The objectives of this review are to (1) assess the methodological rigor of existing studies on AI applications in medical education, (2) identify key strengths and limitations in current research, (3) evaluate the effectiveness of AI-driven educational interventions, and (4) highlight existing gaps and future directions in this field. By synthesizing recent empirical findings through a narrative and thematically structured approach, this review seeks to support a more critical, transparent, and pedagogically grounded adoption of AI in medical education.

2. Materials and Methods

This narrative review was conducted to explore the impact of AI on learning processes in medical education and to critically examine the methodological challenges associated with its evaluation. The goal was not to conduct a systematic appraisal of intervention effectiveness, but rather to generate a conceptually driven and thematically structured synthesis of recent empirical findings.

A narrative synthesis approach was adopted in line with established methodological guidance for non-systematic reviews in complex and emerging fields. The synthesis was organized thematically across four core domains. These domains were identified a priori through a consensus process among the authors, drawing upon their collective expertise and familiarity with the key literature in the field. This approach allowed for the definition of a foundational framework representing the most established areas of AI application in medical education. The domains were then refined iteratively during the full-text analysis: (1) AI as a tutor or content generator; (2) AI in simulation-based learning; (3) AI in diagnostic training; and (4) AI in competency assessment.

2.1. Literature Search Strategy

A structured literature search was carried out using PubMed and Embase, covering the period from January 2018 to December 2024. These databases were selected for their comprehensive indexing of biomedical and health sciences literature, particularly relevant to medical education.
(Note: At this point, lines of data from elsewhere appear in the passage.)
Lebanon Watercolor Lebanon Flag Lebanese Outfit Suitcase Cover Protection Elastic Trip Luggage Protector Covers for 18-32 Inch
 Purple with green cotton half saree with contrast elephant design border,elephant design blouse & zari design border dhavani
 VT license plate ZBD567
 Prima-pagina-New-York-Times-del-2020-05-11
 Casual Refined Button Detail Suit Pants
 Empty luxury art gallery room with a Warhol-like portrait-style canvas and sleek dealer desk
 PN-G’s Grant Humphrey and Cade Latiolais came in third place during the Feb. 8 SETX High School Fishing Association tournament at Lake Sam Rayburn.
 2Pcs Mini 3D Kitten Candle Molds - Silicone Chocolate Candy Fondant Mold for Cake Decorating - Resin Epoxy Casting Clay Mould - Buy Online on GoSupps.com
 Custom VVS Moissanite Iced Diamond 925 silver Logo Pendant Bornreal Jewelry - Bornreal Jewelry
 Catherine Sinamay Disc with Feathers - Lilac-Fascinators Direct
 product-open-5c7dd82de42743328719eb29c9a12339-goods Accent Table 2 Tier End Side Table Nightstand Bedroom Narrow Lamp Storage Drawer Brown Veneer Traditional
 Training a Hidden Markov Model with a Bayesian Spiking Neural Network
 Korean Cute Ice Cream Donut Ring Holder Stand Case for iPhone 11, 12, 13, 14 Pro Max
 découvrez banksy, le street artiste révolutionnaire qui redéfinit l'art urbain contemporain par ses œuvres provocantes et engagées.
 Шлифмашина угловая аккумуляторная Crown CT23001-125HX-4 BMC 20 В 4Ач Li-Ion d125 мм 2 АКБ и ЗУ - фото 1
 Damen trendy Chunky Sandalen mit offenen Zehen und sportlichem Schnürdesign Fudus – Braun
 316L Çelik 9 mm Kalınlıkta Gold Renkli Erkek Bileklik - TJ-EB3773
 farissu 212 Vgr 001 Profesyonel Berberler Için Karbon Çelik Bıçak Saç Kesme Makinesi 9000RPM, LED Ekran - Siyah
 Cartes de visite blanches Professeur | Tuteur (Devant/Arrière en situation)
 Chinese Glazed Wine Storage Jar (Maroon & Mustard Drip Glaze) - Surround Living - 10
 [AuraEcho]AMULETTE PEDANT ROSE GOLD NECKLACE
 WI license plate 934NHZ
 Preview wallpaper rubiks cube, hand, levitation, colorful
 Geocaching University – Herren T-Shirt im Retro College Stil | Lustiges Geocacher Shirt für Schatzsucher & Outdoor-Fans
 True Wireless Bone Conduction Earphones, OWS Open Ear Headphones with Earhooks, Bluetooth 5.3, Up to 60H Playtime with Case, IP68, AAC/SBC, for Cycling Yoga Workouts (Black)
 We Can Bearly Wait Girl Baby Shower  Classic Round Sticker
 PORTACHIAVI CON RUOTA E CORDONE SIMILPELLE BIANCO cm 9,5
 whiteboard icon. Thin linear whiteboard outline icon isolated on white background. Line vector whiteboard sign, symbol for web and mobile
While broader multidisciplinary databases such as Scopus or Web of Science offer wider citation tracking capabilities, they are less specialized in biomedical indexing [18].

The chosen timeframe (2018–2024) was selected to focus on the most recent and significant developments of AI in medical education, a rapidly evolving field.

Search strings combined Medical Subject Headings (MeSH) and free-text terms related to AI, machine learning, educational technologies, and clinical training. The full search strategies for both databases are reported below.

PubMed search string: ((“artificial intelligence”[MeSH] OR “artificial intelligence”[Title/Abstract] OR “AI”[Title/Abstract] OR “machine learning”[Title/Abstract] OR “deep learning”[Title/Abstract] OR “Large Language Models”[Title/Abstract] OR “Generative Artificial Intelligence”[Title/Abstract] OR “Generative AI”[Title/Abstract]) AND (“curriculum”[Title/Abstract] OR “training program”[Title/Abstract] OR “simulation”[Title/Abstract] OR “skills training”[Title/Abstract] OR “competency-based education”[Title/Abstract] OR “clinical teaching”[Title/Abstract] OR “medical education”[MeSH] OR “clinical education”[Title/Abstract]) AND (“medical students”[Title/Abstract] OR “residents”[Title/Abstract] OR “fellows”[Title/Abstract] OR “physicians”[Title/Abstract] OR “health personnel”[MeSH])) AND (“2018/01/01”[Date–Publication]: “2024/12/31”[Date–Publication])
Embase search string: (‘artificial intelligence’:ti,ab OR ‘ai’:ti,ab OR ‘machine learning’:ti,ab OR ‘deep learning’:ti,ab OR ‘large language models’:ti,ab OR ‘generative artificial intelligence’:ti,ab OR ‘generative ai’:ti,ab) AND (‘medical education’:ti,ab OR ‘curriculum’:ti,ab OR ‘training program’:ti,ab OR ‘simulation’:ti,ab OR ‘skills training’:ti,ab OR ‘competency-based education’:ti,ab OR ‘clinical teaching’:ti,ab OR ‘clinical education’:ti,ab) AND (‘healthcare professionals’:ti,ab OR ‘clinicians’:ti,ab OR ‘medical personnel’:ti,ab OR ‘medical students’:ti,ab OR ‘residents’:ti,ab OR ‘fellows’:ti,ab OR ‘specialists’:ti,ab OR ‘physicians’:ti,ab) AND [2018–2024]/py

The search was limited to titles and abstracts to ensure relevance and to manage scope. While this may have excluded some marginally relevant studies, it allowed for the identification of literature explicitly concerned with AI in medical education.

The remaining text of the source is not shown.